Tangle Lake – Superconducting Quantum Test Chip

In October 2017, Intel delivered a 17-qubit superconducting chip with advanced packaging, and now, just 3 months later, they have unveiled a 49-qubit quantum test chip that represents the impressive progress towards their objective of developing a fully functional computing system – from control electronics to algorithms.

It’ll likely require one million or more qubits to achieve commercial relevance. The quantum computing will solve problems that typically take today’s most powerful supercomputers months to resolve, like financial modeling, drug development and climate forecasting.

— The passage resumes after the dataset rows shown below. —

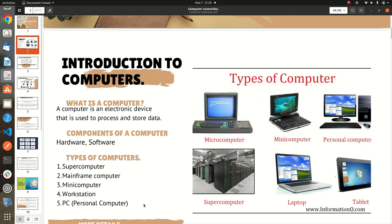What is a computer? A computer is an electrical device that is used to process and store data.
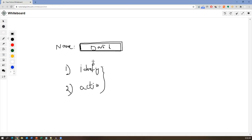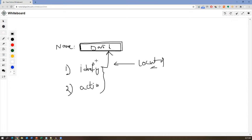Before performing any action we need to identify the element, because there are so many elements on a web page. To identify the element we need a locator. Selenium WebDriver will identify the element using the locator we provide — similar to how a postman delivers a letter based on the address written on the envelope.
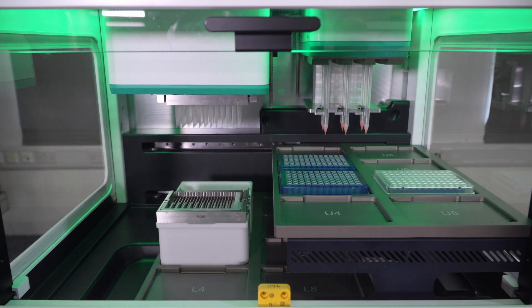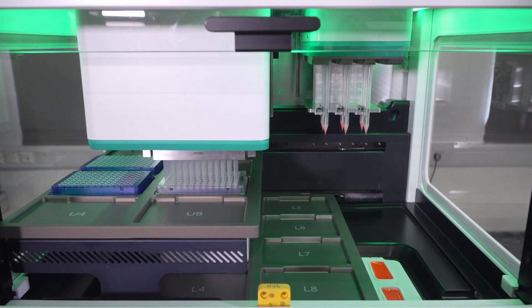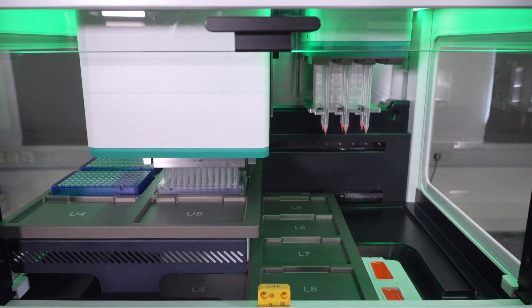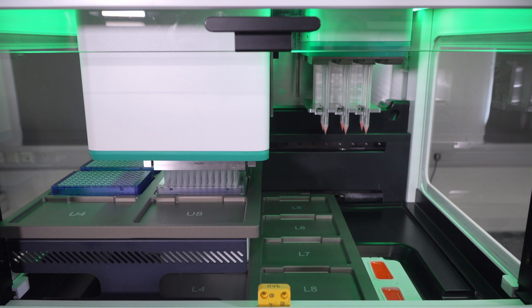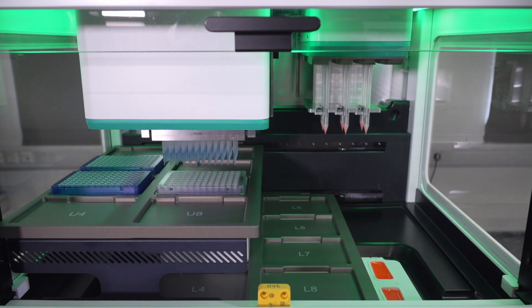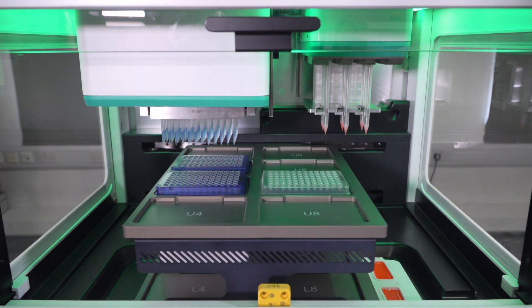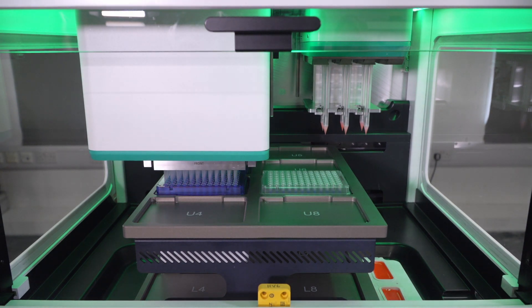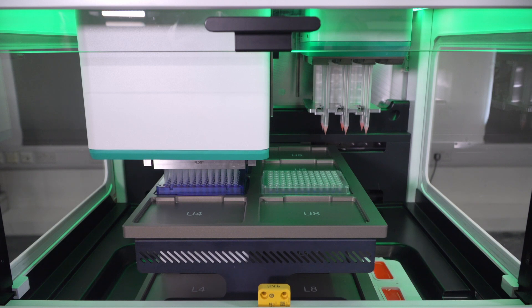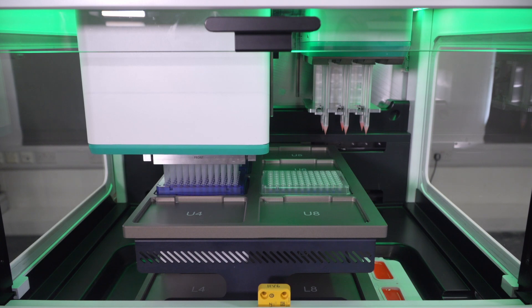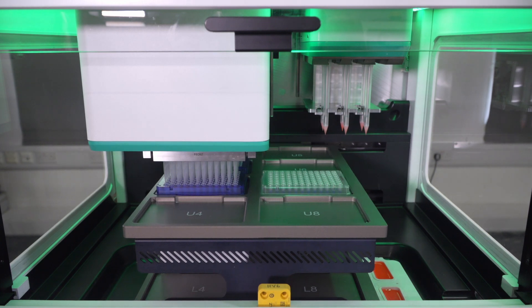And then the tips would move into the source plate, aspirating an air gap, and moving into the liquid to aspirate some of the liquid. Now you can see the liquid going up. And now the liquid is transferred into the intermediate plate. We're doing that in order to prevent contaminating the sample in the source plate. So we're creating an intermediate plate from which we will perform the pooling. Now you can see the liquid got dispensed.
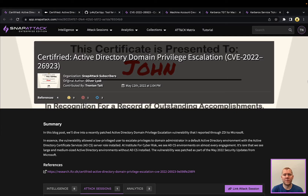Hey everyone, Tim here from SnapAttack. Let's dive into this week's threat snapshot on Certified. This one is a little bit of a throwback — this vulnerability came out back in May, and we've talked about it in some other snapshots, but haven't directly featured it. So I think the snapshot was long overdue.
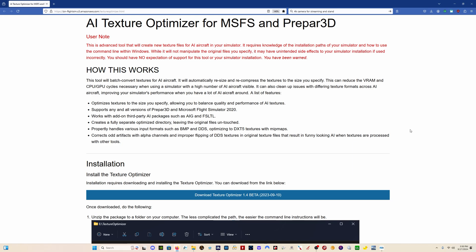Here's the program I'm referring to, AI Texture Optimizer, and I'll put a link in the description to this page. All the steps that I'm going to go through here are all detailed very nicely on this page.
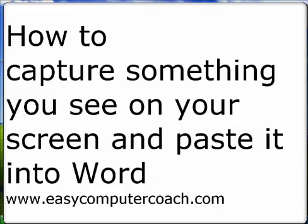Okay, in today's tutorial, I'm going to show you how to capture whatever is on screen and put it into a Word document.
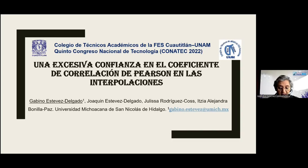A continuación vamos a tener el video que lleva por título 'Una excesiva confianza en el coeficiente de correlación de Pearson en las interpolaciones', a cargo de Gavino Esteves Delgado, Joaquín Esteves Delgado, Julissa Rodríguez Cos e Itzea Alejandra Bonilla Paz.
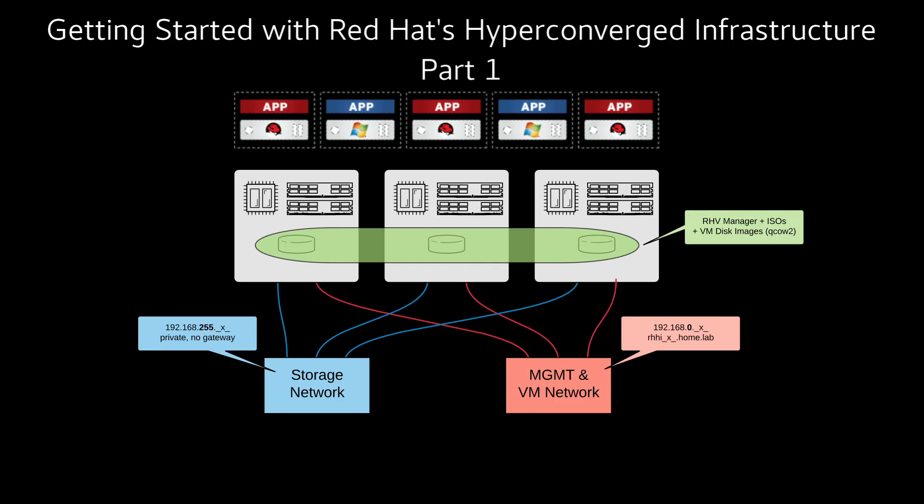Hey, this is John with LinuxNerd.Tech. I wanted to share a quick video that shows how to get started with Red Hat's hyperconverged infrastructure. Red Hat's HCI is the combination of Red Hat's virtualization and storage solutions so that we can combine the virtual machine hosting and the distributed HA storage on a single set of hardware.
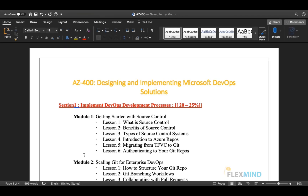Let us start our journey of AZ400, Designing and Implementing Microsoft DevOps Solutions. The certification is generally called the Microsoft Azure DevOps Engineer Expert. It has seven sections — if you are going to attempt this certification, you have to be proficient in all seven sections. We will be covering what each section contains and what details it includes.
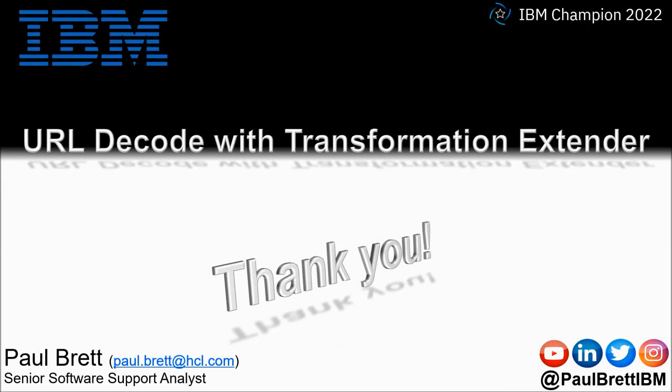I want to thank you for taking the time to watch my video presentation today. If you found the content interesting and informative please hit that like button and maybe leave a comment. Consider subscribing to my YouTube channel as I release content such as this on a regular basis. Feel free to reach out to me on popular social media channels at paul brett ibm. Thank you.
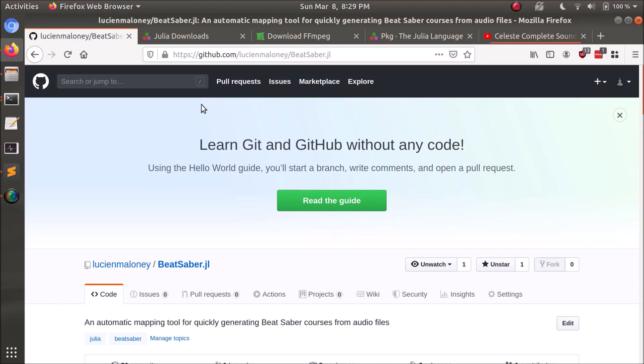Hey everyone, today I'm going to show off a small utility I made for automatically generating Beat Saber maps really quickly.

49-qubit quantum computing test chip

The qubits architecture involves loops of superconducting metal, which require extremely low temperature of nearly 20 milliKelvin to function.

In the last couple of years, the race of building quantum computers among the tech giants has gotten pretty interesting. In November 2017, IBM scientists stated that they had developed a 50-qubit quantum chip prototype. In the same year, Google talked about its goals to build a 49-qubit superconducting quantum chip. But it is still going to be a long way before they develop a full-scale quantum machine. Intel’s roadmap suggests they could achieve 1,000 qubit system within 5-7 years.

Read: 10+ Most Interesting Facts About Quantum Computers

Intel is also investing big in researching spin qubits in silicon. Since they’re much smaller than superconducting qubits, they could’ve a scaling benefit. Basically, spin qubits resemble a single electron transistor -= similar to traditional transistors  — that could be manufactured with comparable techniques. So far, Intel has developed a spin qubit fabrication flow on 300 millimeter process technology.

Neither neuromorphic nor quantum computing is going to replace general purpose computers, but they are supposed to enhance it.